I also felt fear. Could they retaliate? They have a truckload of resources, I have very few. Could they somehow make me pay, bankrupt me, make me lose my company, my business, my product? I don’t understand law well enough to know whether they could or not. I suspect they could if they wanted to. They could always set aside a mere million to throw some frivolous lawsuit after me, and I wouldn’t have the resources to defend myself and so would end up bankrupt or having to settle on whatever terms they offered.
And, hey, I could be wrong about the whole issue. Maybe I simply don’t “get” how business is done. Of course two CEO’s can’t talk about things directly. I think that’s a ridiculous idea, but the thought came up.
So yes, I could come up with plenty of reasons to “suck it up” and be quiet about the whole thing. Or just sulk and be angry and take it out on my spouse or kids or some local Indian rickshaw driver, perhaps. That clearly doesn’t sound like a great strategy. :)
In the end, I decided this was about speaking my truth, plain and simple. This is how I see things. Let me put it out there for people to agree or disagree with.
It was a tough choice. I’m afraid of a backlash. I’m afraid there’s some angle I’ve overlooked. I’m afraid it’s going to turn out that it’s just me being silly, overreacting, childish. Maybe I’m going to end up deeply regretting this.
After posting, I’ve had huge “transparency hangovers”, something that’s given me ample opportunity to feel a bunch of old feelings.
So many things in our lives we don’t do because we’re afraid of feeling certain feelings. This has certainly allowed me to feel a lot of feelings I didn’t want to feel :)
Feelings such as embarrassment, feeling stupid for overreacting, sadness, fear, aloneness. But also love and aliveness. It feels like there are areas in my body that have been dead for a while haven have now gotten a bit of life kicked into them again, and the experience isn’t all pleasurable, but not all bad either.
I can feel the source of the tug-of-war within me to on the one hand post this, and on the other hand convince myself not to post it. These are some interesting feelings!
It all reminds me of a recent conversation I had with Gay. I shared that I was afraid that I was just a cliché – having left my wife and children and moved to India with a new young wife, bought a motorcycle, a sports car, at the tail end of my 30s … such a cliché. To which he responded: “Yes, and so take a moment to embrace the fact that you’re one big cliché, and love yourself right through it.” It took the sting out of being a cliché. So i’m a cliché, so what? There’s a reason a cliché becomes a cliché … because it has truth.

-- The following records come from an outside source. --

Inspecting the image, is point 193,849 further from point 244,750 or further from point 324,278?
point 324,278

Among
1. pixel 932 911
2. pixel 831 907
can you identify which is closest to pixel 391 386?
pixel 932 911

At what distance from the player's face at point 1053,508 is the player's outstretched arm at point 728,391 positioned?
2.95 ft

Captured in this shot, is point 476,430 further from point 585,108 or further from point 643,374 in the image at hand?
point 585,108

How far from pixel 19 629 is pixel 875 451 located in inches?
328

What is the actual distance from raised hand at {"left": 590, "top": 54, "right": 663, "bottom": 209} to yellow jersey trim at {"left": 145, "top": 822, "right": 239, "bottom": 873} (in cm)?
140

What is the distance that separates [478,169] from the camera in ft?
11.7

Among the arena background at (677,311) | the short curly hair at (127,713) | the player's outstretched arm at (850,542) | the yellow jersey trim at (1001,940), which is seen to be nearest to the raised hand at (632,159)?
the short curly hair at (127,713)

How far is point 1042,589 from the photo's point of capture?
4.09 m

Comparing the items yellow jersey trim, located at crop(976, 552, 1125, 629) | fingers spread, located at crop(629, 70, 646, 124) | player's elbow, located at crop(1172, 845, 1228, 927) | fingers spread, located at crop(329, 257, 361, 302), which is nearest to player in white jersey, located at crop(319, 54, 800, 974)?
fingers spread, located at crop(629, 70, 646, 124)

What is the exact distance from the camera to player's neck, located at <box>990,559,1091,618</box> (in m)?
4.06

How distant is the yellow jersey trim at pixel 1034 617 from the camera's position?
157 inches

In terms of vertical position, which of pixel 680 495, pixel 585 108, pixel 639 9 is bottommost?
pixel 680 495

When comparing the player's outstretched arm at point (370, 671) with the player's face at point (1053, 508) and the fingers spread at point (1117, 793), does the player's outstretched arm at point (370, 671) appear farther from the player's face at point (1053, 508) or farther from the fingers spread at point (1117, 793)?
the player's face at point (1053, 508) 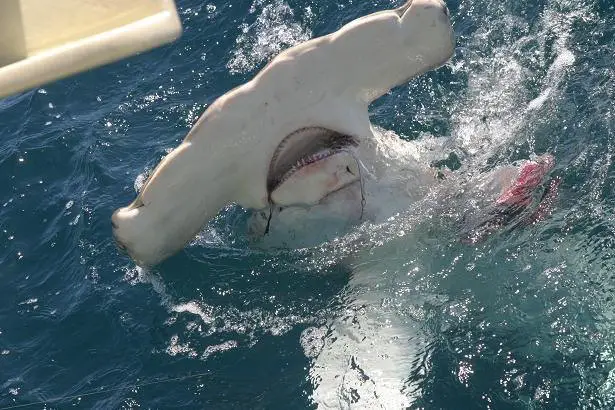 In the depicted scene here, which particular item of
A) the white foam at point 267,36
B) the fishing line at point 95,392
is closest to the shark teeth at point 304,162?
the fishing line at point 95,392

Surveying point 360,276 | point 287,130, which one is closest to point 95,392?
point 360,276

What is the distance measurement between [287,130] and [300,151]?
0.21 meters

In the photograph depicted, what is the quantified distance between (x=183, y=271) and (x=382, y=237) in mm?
1718

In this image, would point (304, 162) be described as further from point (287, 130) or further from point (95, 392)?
point (95, 392)

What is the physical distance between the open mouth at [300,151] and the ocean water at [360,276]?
61 cm

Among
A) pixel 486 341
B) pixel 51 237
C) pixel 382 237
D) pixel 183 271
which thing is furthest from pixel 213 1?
pixel 486 341

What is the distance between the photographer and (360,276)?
509 cm

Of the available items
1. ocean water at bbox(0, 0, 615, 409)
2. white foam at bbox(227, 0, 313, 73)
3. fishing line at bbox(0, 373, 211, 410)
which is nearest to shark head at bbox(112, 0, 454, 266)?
ocean water at bbox(0, 0, 615, 409)

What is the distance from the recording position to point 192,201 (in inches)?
167

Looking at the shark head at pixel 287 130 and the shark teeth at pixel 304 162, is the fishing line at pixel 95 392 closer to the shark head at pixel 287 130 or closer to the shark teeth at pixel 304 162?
the shark head at pixel 287 130

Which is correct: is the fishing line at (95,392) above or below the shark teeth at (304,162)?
below

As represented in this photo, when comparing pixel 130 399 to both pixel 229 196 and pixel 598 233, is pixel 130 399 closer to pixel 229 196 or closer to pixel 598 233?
pixel 229 196

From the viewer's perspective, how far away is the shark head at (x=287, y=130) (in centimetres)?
408

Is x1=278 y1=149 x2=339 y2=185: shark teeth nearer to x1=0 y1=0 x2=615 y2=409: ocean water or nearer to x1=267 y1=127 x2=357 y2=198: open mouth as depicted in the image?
x1=267 y1=127 x2=357 y2=198: open mouth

I’m thinking of that feeling as I’m experiencing these feelings right now. So yes, I’m wounded and hurt and scared shitless, I feel betrayed, I clearly overreacted and crossed some form of line when I chose to take this dispute public. And I’m working on loving myself right through all of that. So I overreact sometimes. So what? I can still love myself. (And, by the way, who gets to define what’s the appropriate reaction? Who has that authority? I do. For me. And you do. For you. That’s who.)
If we can’t ever allow ourselves to overreact, then we’re not free to react appropriately and authentically, because we have to ensure we always stay well within the line.
Life’s challenging and exhilarating. Enjoy!